28 Responses to “U.S. Marines in Tsingtao, China 1945-49”

  1. Boyd Bivens says:

    Nice reading. My Dad was 1st Marine, III Amphibious Corp. I have many mementos of his time in Tientsin, China.

    Many photos with his pals and Chinese girls, A brass box with a dragon and Tientsin, China engraved on it, A leather suitcase with painted dragons and the city, a silk copy of the Ike jacket with embroidered dragons. His nickname was “Chick”. Many III Amphibious plaques made in China.

    I would like to find out more about his unit as the only thing he ever talked about was boot camp, and very little about his time in China.

    His name was Boyd Beecher Bivens.

  2. Perla A. says:


    My father bought a leather album that says My Oriental Album with pictures in it that I suppose are from ww2. I dont know where to look for in information but it seemes that is from a US Marine by the name Charles A. I found out that he may have been there in tsingtao during 1946. I would like to know more information because I want to sell the album or do something with it because I think that is important.
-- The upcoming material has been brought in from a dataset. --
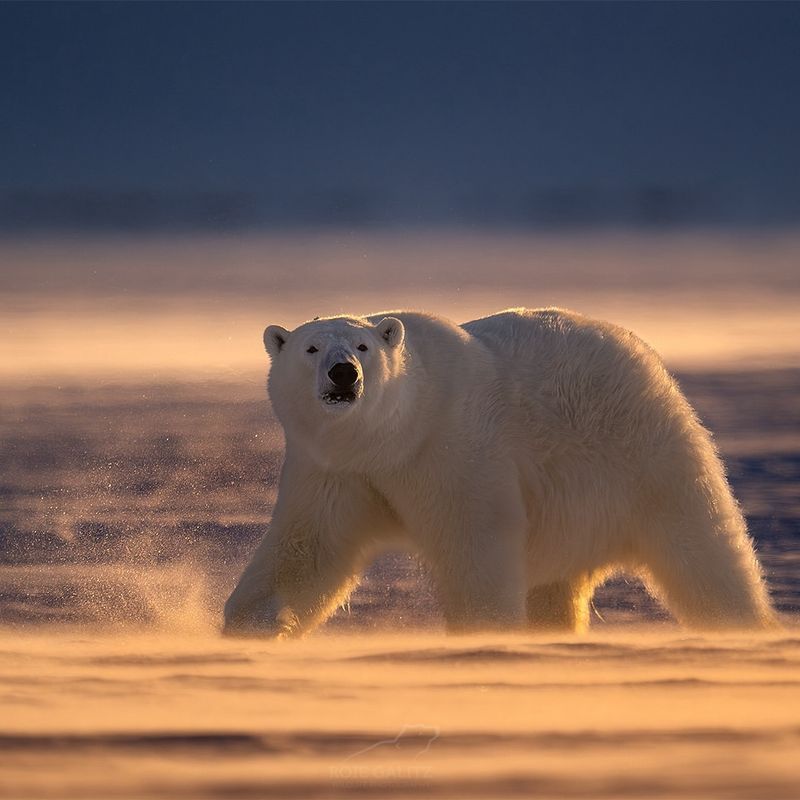 Polar Bear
The album has a lot of pictures and other stuff.

  3. Henry A says:

    Hi Meilynn my dad also was on Okinawa then Tsingtao with the 6th Marine division. He has also past but it was nice to hear the stories that he shared with me come back to life on this website. Machine gunner Corporal Henry Andreana 6th Marine Division.

    • Pan says:

      Dear sir, I m a Chinese history researcher in Tsingtao, want to ask a question. Do you had heard the history your father told about six planes crashed of December 10th 1945, and 2 pilots were saved by Chinese? Best Regards, Pan.

    • Charol (Atchison) Thompson says:

      Does anyone remember a marine by the name of Howard Bertis Atchison. I know he was trained in the 75 mm pack howitzer. On “October 23, 1944 his designation was changed from “A” Battery, 75mm Pack Howitzer Battalion, 4th Marines, Reinforced, 6th Marine Division, Fleet Marine Force to “A” Battery, 1st Battalion, 15th Marines, 6th Marine Division, Fleet Force, In the Field, Authority 6thMarDiv SO-76-44 dated 22Oct44.” Signed by M. W. Baldwin, 1stLt, USMCR, Personnel Officer.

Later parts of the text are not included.